- **Task statement**
Could you copy word for word only the lines between the one containing "Tork Craft Hard" and the end of the listing below, both included, and leave out the pictures?

- **Data shown**
◆ ◆ ◆ ◆ ◆ ◆ ◆

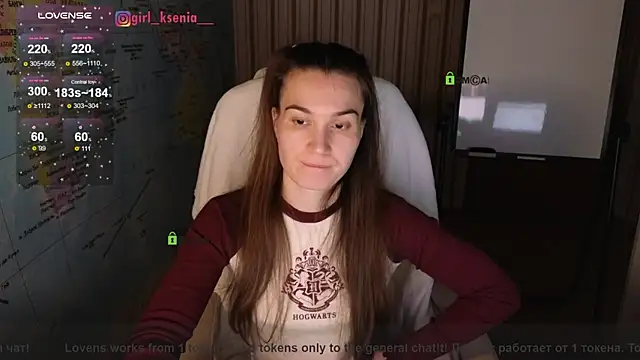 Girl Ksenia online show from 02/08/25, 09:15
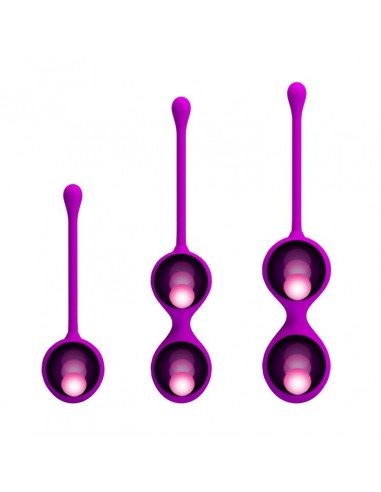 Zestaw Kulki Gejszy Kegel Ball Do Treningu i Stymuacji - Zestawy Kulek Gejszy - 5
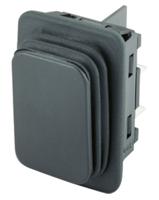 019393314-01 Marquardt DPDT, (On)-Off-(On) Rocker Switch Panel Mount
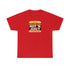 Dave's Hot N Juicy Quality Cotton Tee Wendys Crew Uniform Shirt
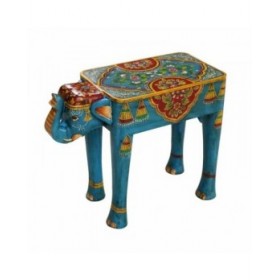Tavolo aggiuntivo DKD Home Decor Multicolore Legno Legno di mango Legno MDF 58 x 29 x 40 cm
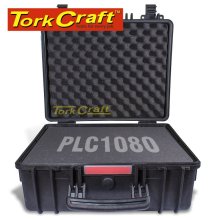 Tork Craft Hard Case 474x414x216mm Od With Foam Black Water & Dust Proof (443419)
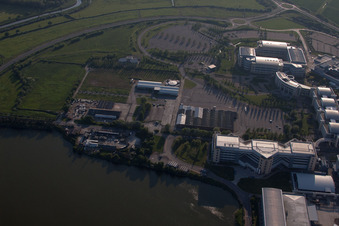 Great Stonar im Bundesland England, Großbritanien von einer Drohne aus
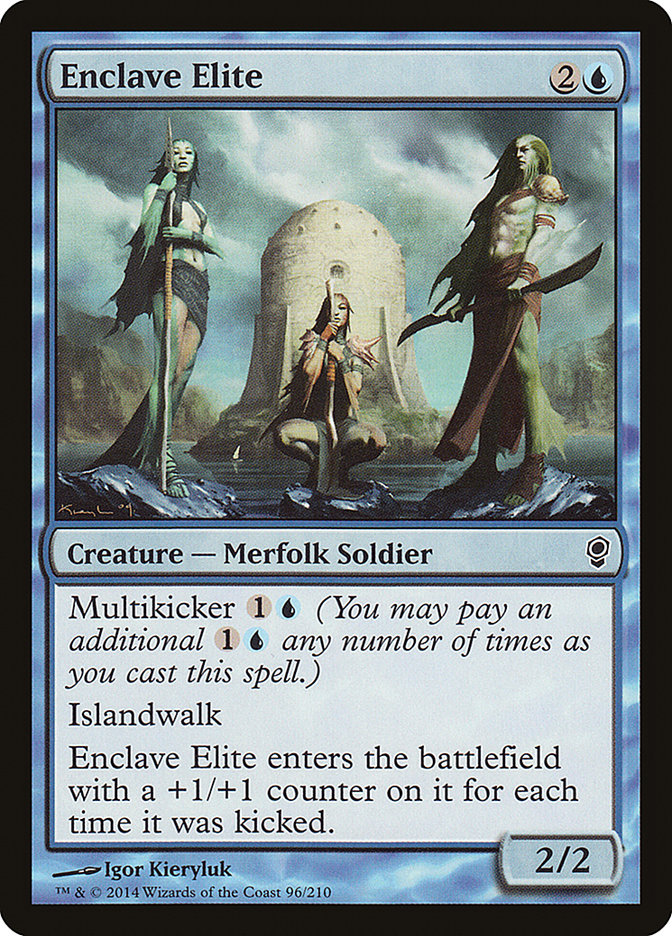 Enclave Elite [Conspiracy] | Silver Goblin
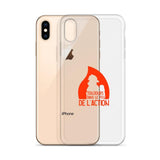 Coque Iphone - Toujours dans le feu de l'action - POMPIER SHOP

◆ ◆ ◆ ◆ ◆ ◆ ◆

- **Answer box**
 Tork Craft Hard Case 474x414x216mm Od With Foam Black Water & Dust Proof (443419)
 Great Stonar im Bundesland England, Großbritanien von einer Drohne aus
 Enclave Elite [Conspiracy] | Silver Goblin
 Coque Iphone - Toujours dans le feu de l'action - POMPIER SHOP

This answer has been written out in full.